Though I do not know ALL of the required input numbers, I can make some educated guesses based on published information. I thought it might be a useful exercise to determine just how large an impact an $880 million credit subsidy cost would have on the economics of the Calvert Cliffs Unit 3 nuclear power plant project.



Here are the assumptions that I made, just in case someone wants to check my math or challenge the basis for the numbers I chose.

Model Variables

























Overnight cost ($/kWe)6500
construction time (years)5
Total construction cost ($/kWe) 6126
Debt fraction of initial investment (%)80
Equity fraction of initial investment (%)20
Nominal cost of debt (%)4
Nominal cost of equity (%)10
Plant life (years)40
Plant net capacity (Mwe)1600
Capacity factor (%)85
Marginal composite corporate income tax rate (%)39
Heat rate (BTU/kWh)10400
Unit cost of fuel ($/mmBTU) (not including disposal)0.39
Nuclear waste fee (mills/Kwh)1
real fuel escalation0.5
Fixed O&M ($/kWe/yr)47
Variable O&M (mills/kWh)8
Incremental capital costs ($/kWe/yr)20
Decommissioning cost ($million/GWe capacity)2000
Carbon emissions tax ($/tonne-C)0
assumed rate of inflation (%)2
Debt term15
Assumed rate of electricity price inflation (%)0.500
Depreciation schedule 15 year MARCS


Using all of those assumptions, I computed that the sales price for electricity required would be about 10.7 cents per kilowatt hour at the time that the plant started operating, assuming that the credit subsidy cost was zero. With a credit subsidy cost of $880 million, required to be paid at the beginning of the loan period when construction begins, the electricity price needed for exactly the same return on invested capital would increase to 13.85 cents per kilowatt hour. That represents a 30% price increase completely due to the cost of paying for loan insurance.
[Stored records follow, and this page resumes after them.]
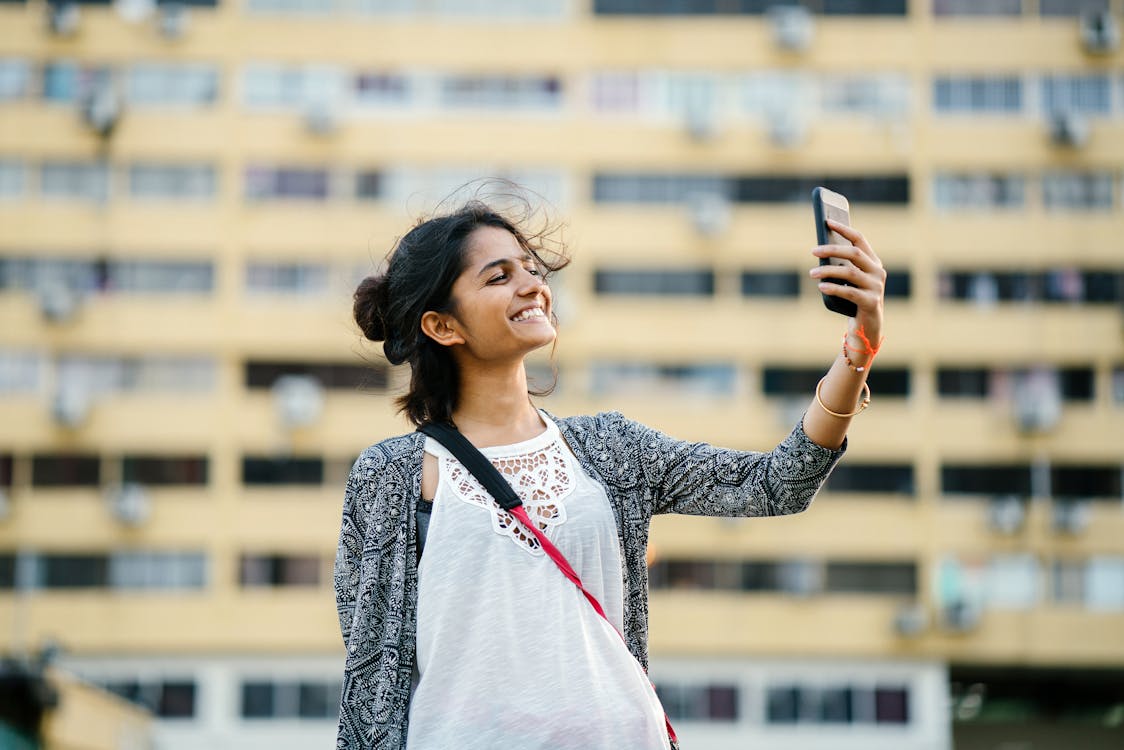 Smiling Woman Holding Black Smartphone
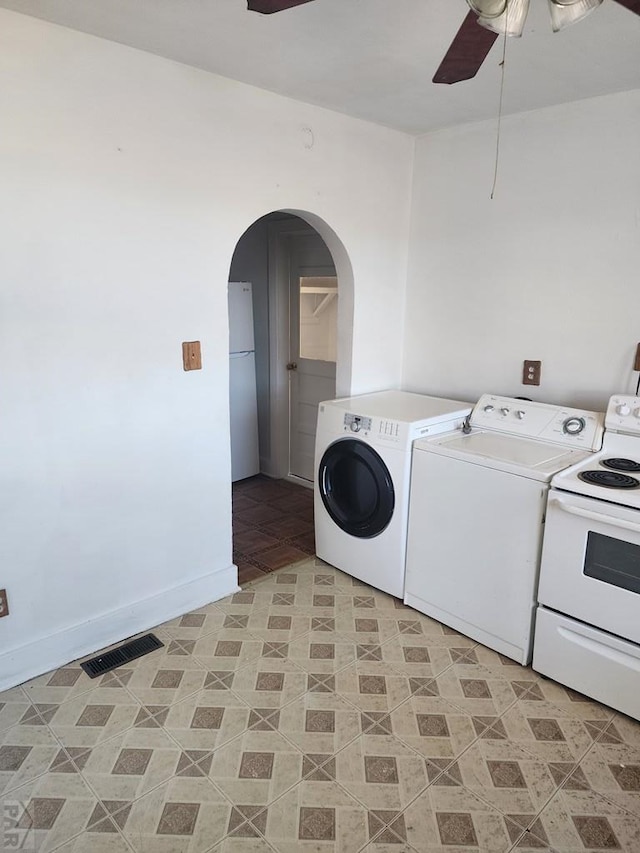 laundry area with arched walkways, visible vents, baseboards, washer and dryer, and a ceiling fan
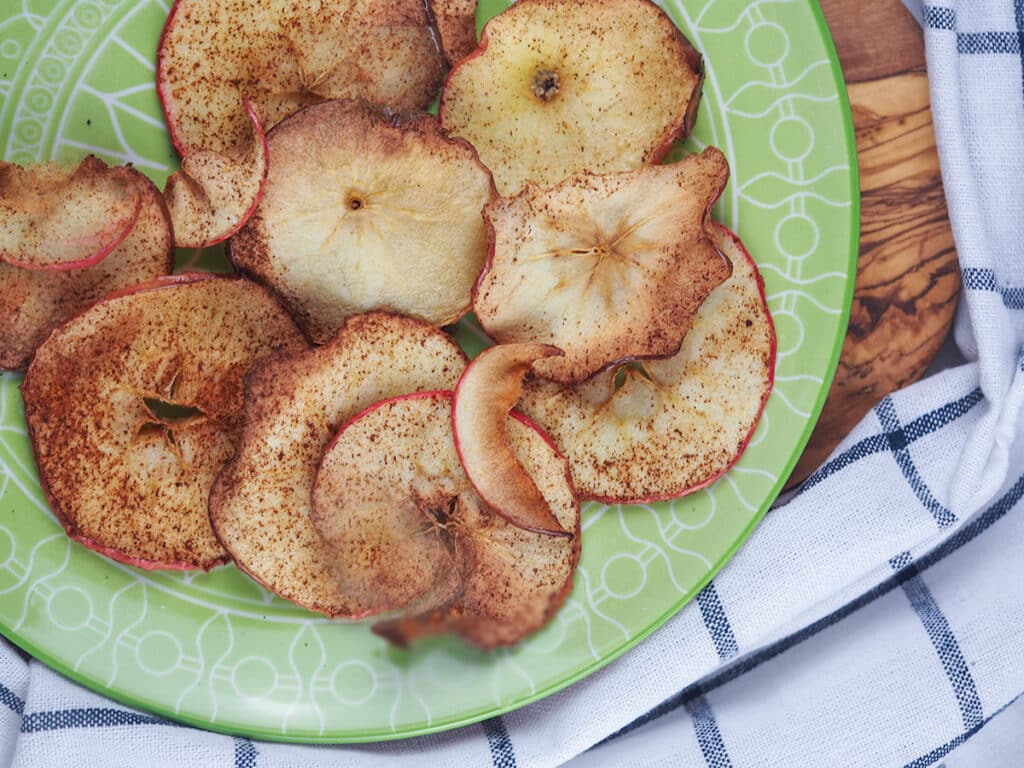 apple chips on green plate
(Aside: These numbers are not levelized cost of electricity. They are the prices required to produce free cash flow providing a 10% return on invested capital in year 2 of the project. Due to the effects of depreciation on reported profits, the ROE based on after tax profits is lower during the first 15 years than the ROE based on free cash flow.



Once depreciation is complete and the loans are repaid, ROE on profit and free cash flow are equal to each other and increase to about 21% in the case of no CSC and a lower 17% (with 30% higher electricity prices) in the case where the CSC was imposed using the above assumptions. End Aside.)



I am not advocating that the CSC should be zero; I am trying to illustrate the effect of the proposed fee on the price of electricity.



Since Constellation Energy is not a regulated monopoly utility with a guaranteed customer base, the sales price of electricity cannot be fixed to provide a given rate of return. The company would have to compete in the open market to sell its product at whatever the going rate would be.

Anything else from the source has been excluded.